For Daniels’ first season, he had to “start off with a couple of shows that I knew epitomized the strongest writing that’s happening in the American theatre today. And that’s always Lauren Gunderson. That’s season planning that takes you five minutes.”

“I really want to give you your dream production,” he said to Gunderson, “with the people you’ve always wanted.” The male character Anthony was played at 59E59 by Reggie D. White, who had appeared in Gunderson’s Exit, Pursued by a Bear and was in Gunderson’s mind while writing the play, but hadn’t been successfully cast in any prior production. For Daniels, these were the opportunities they could provide. “Let’s get Reggie in and let’s give you a real top-notch design team.. It was about the same time that producer Richard Winkler reached out to Lauren and said he was interested in bringing the show to New York. So it was a real great confluence of events.”

Gunderson talks a lot about structure and architectural challenges in her plays. At the time she approached I and You, she’d written a number of history and science plays dealing with real lives and scientific inquiry. This play began with one of her managers posing a challenge: what if you wrote something contemporary? As she grappled with that, she added layers of challenge for fun: make it contemporary and between two people and have all action in one room. “How do I make something big and profoundly surprising and theatrical and beautiful, with all those large feelings that theatre can give us? How can I do that with all these parameters that seem to squeeze it into this compact thing?”

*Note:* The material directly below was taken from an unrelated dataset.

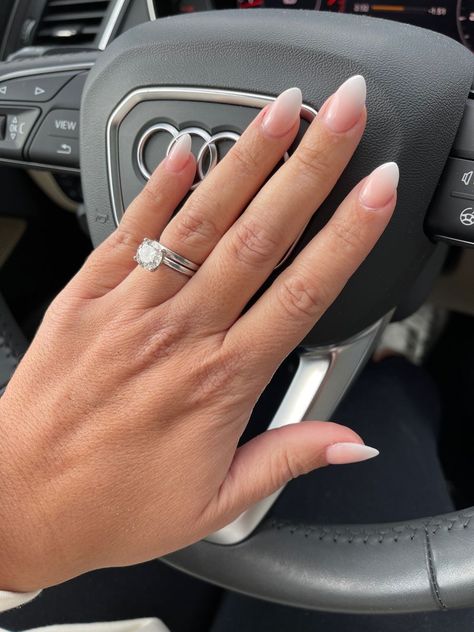 Almond shaped ombre nails #ombrenails #dipnails #naturalnails #audi #tiffanysolitaire Ombré Dip Nails, Ombre French Nails, Acrylic Nails Almond Shape, Engagement Nails, Pink Ombre Nails, Dip Nails, Ombre Acrylic Nails, Almond Acrylic Nails, Almond Shaped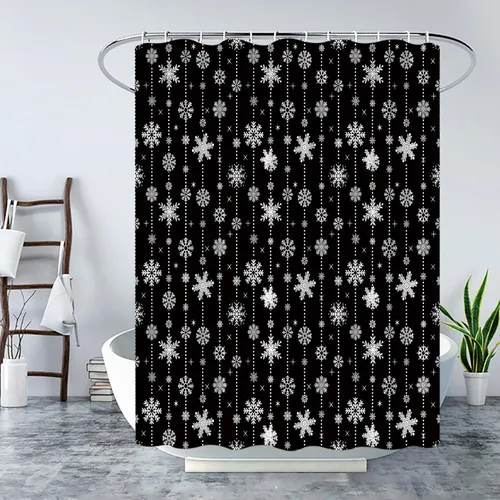 Miniatura 2 de Cortina de ducha de copo de nieve de Navidad, color negro y blanco, copo de nieve de invierno, vacaciones de invierno, feliz año nuevo, juego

She knew from the beginning that his play would have a kind of Mousetrap element, that plot twist and surprise that would shock at first blush.

The original version at the Pacific Playwrights Festival at South Coast Rep, who commissioned it, was sixty pages long. I felt: I gotta get to the surprise, I gotta earn the surprise, I gotta get the engineering right. But the middle of the play, which is of course why you go see a play, the heart of it, is the thing that kept getting deeper and kept getting more risky and kept getting more character-based. I generally start knowing the ends of plays before I start writing them—it allows for the middle and the pulse of the play to be deepened and grow as the process does.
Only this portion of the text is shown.